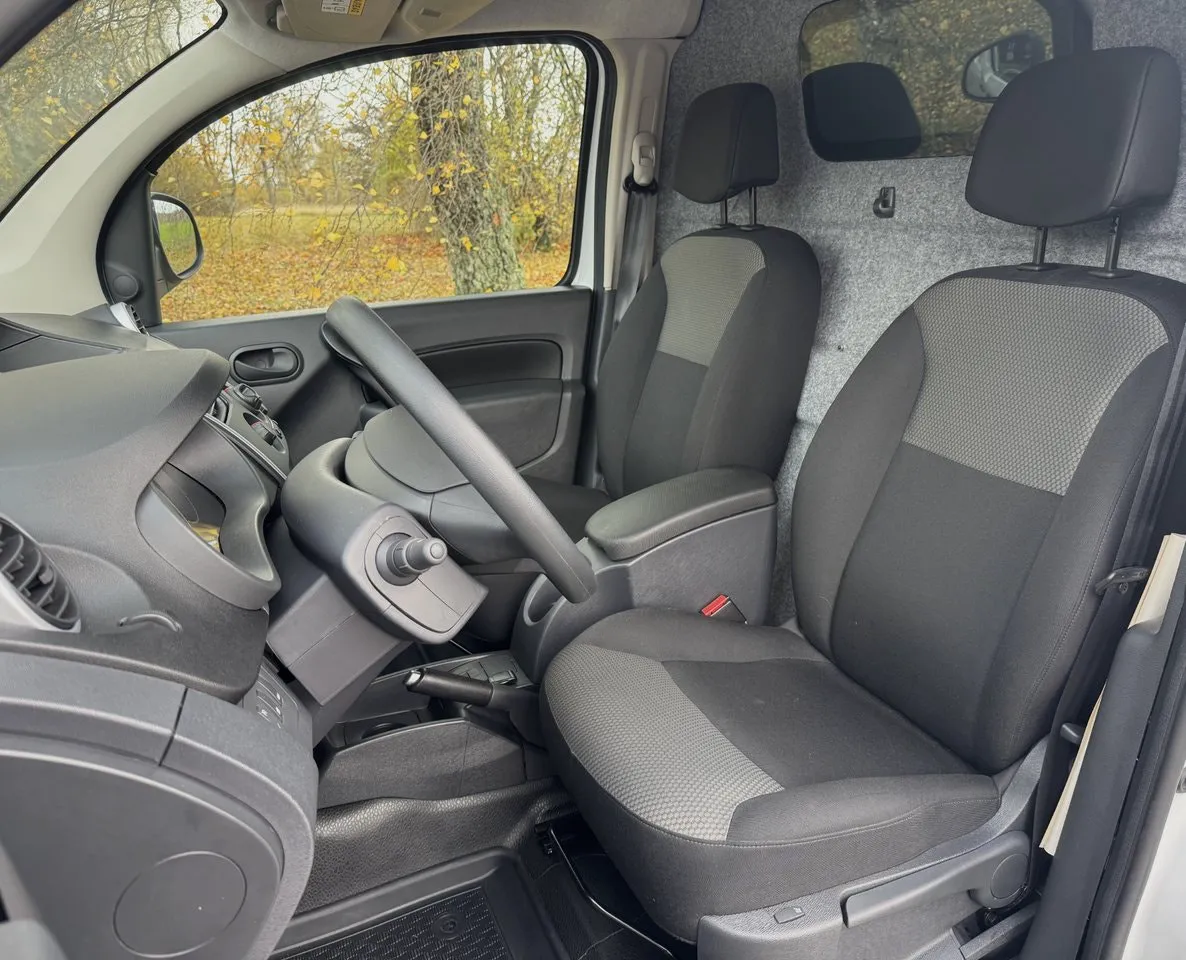 Renault Kangoo bild 10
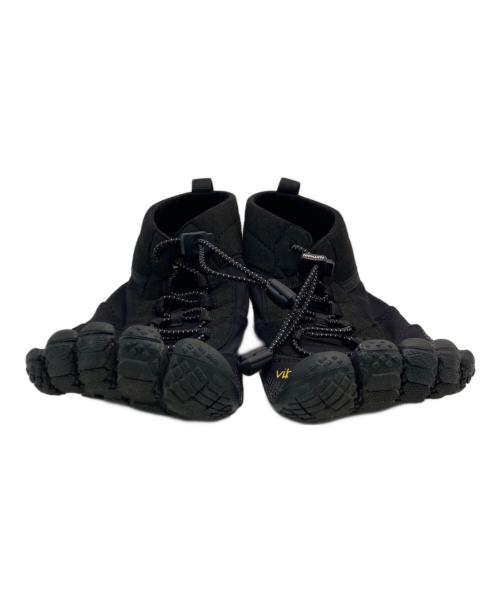 vibram（ビブラム）vibram (ビブラム) FIVE FINGERS ブラック サイズ:EU43/USA9.5-10の古着・服飾アイテム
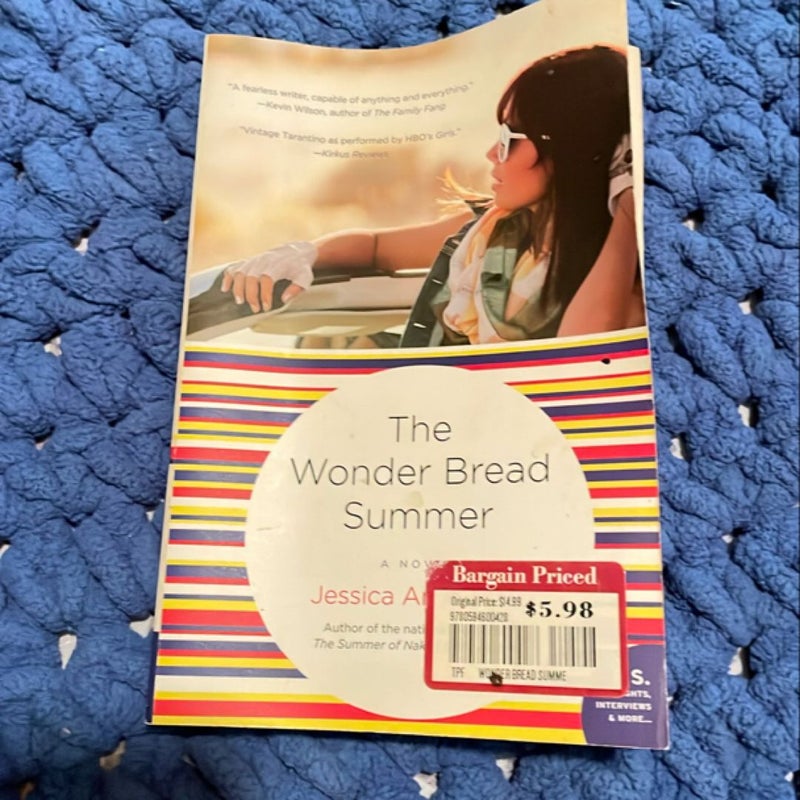 The Wonder Bread Summer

### [HOW TO COMPLETE THIS TASK]
Write out the whole listing exactly, with no pictures.

### [RESPONSE TO THE TASK]
 Renault Kangoo bild 10
 vibram（ビブラム）vibram (ビブラム) FIVE FINGERS ブラック サイズ:EU43/USA9.5-10の古着・服飾アイテム
 The Wonder Bread Summer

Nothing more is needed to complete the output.